70. The principle of immunity is universal and has been the reason for the effectiveness of traditional courts until the conviction and sentencing of King Dalindyebo. Without deciding whether immunity would have covered the actions of His Majesty King Dalindyebo, it is important to recognise that, there are forms of punishment accepted under customary law, but are not consonant with the Constitution. To leave customary law untouched by legislative intervention would place it in constant conflict with the constitutional norms and principles.
71. Common law courts have recognised absolute immunity for nearly 400 years. The origins of the litigation privilege have been traced back to medieval England. The privilege arose soon after the Nonnan Conquest and the introduction of the adversarial system in the eleventh century. Courts have aptly declared that the doctrine of absolute immunity is "as old as the law." The first opinion dismissing a lawsuit against an attorney by applying the doctrine of absolute immunity was rendered in 1606. In that case, the attorney was accused of slandering his client's adversary during a previous trial by asserting that the opponent was a convicted felon." Even assuming that the attorney's assertion was false, the court held that the attempt to discredit the witness during the previous litigation was protected by absolute immunity." The court declared: "[A] counsellor in law retained hath a privilege to enforce any thing which is informed him by his client, and to give it in evidence, it being pertinent to the matter in question, and not to examine whether it be true or false ."
72. Centuries later, the doctrine of absolute immunity remained intact. In the 1883 case of Munster v Lamb, an English court granted an attorney immunity from suit even assuming his conduct was "without any justification or even excuse, and from the indirect motive of personal ill-will or anger" toward his former client's adversary. The court explained: "With regard to counsel, the questions of malice, bona fides, and relevancy, cannot be raised; the only question is, whether what is complained of has been said in the course of the administration of the law. If that be so, the case against a counsel must be stopped at once." Munster v. Lamb was followed by Henderson v. Broomhead, which declared the following: "No action will lie for words spoken or written in the course of any judicial proceeding. In spite of all that can be said against it, we find the rule acted upon from the earliest times. The mischief would be immense if the person aggrieved, instead of preferring an indictment far perjury, could turn his complaint into a civil action. By universal assent it appears that in this country no such action lies."
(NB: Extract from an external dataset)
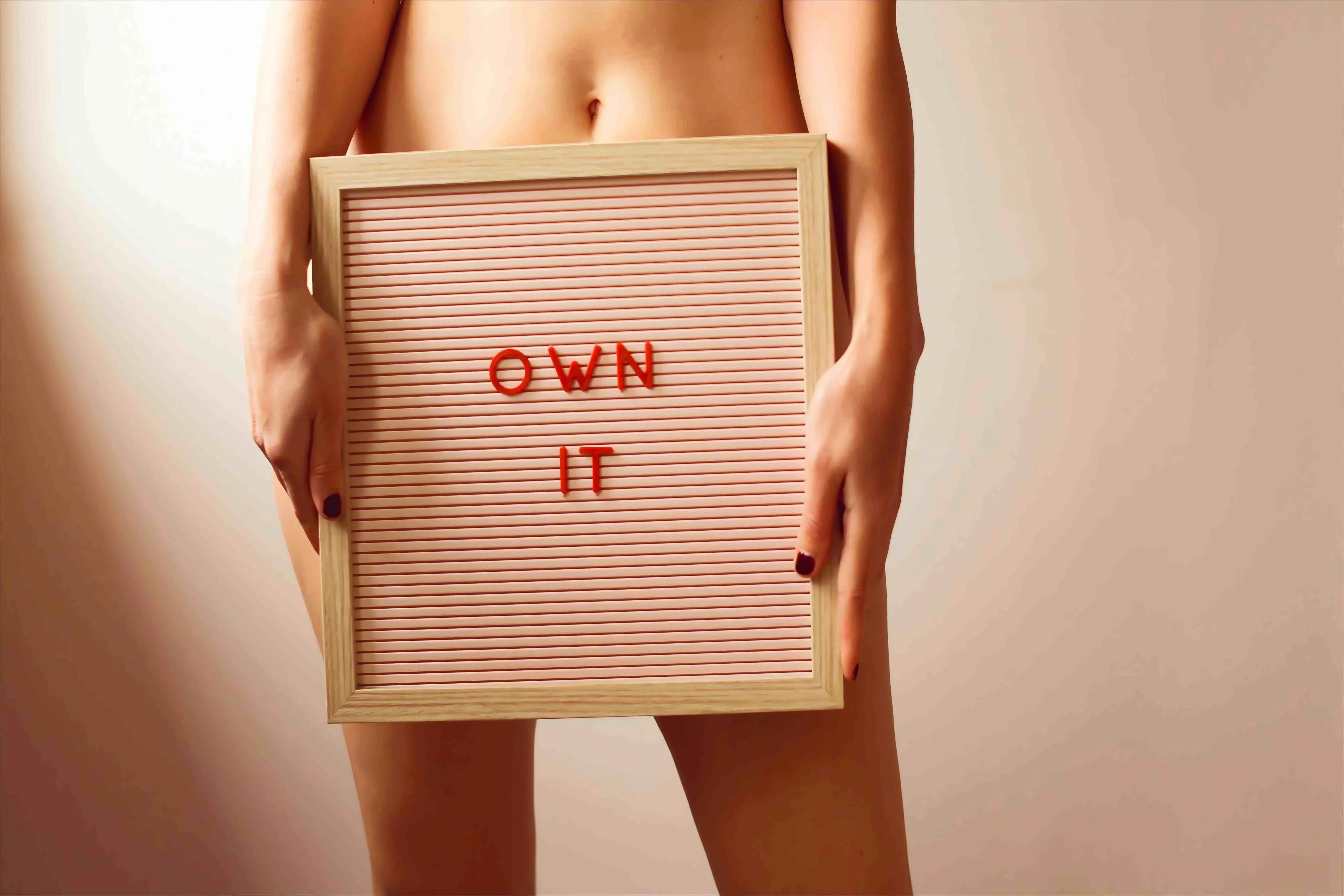 SHEVEREIGN blog banner image of a woman holding a sign reading “OWN IT,” symbolizing confidence, body autonomy, and empowerment in women’s sexual health awareness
73. Early English decisions initially found that judges lost immunity from suit for acts clearly beyond their jurisdiction. Only in a single area did the English common law grant a broad form of immunity to judges. Recognizing a need to protect judges from the displeasure of the Crown and its ministers, the Star Chamber in Floyd v. Barker had held that a judge could not be prosecuted in another court for an alleged criminal conspiracy in the way he had handled a murder trial. In refusing to try the case, the judges of Star Chamber held simply that if the king wished to discipline a judge, the king must do so himself without resort to a criminal prosecution. Despite this narrow focus, Floyd frequently is cited as the foundation of the American judicial immunity doctrine.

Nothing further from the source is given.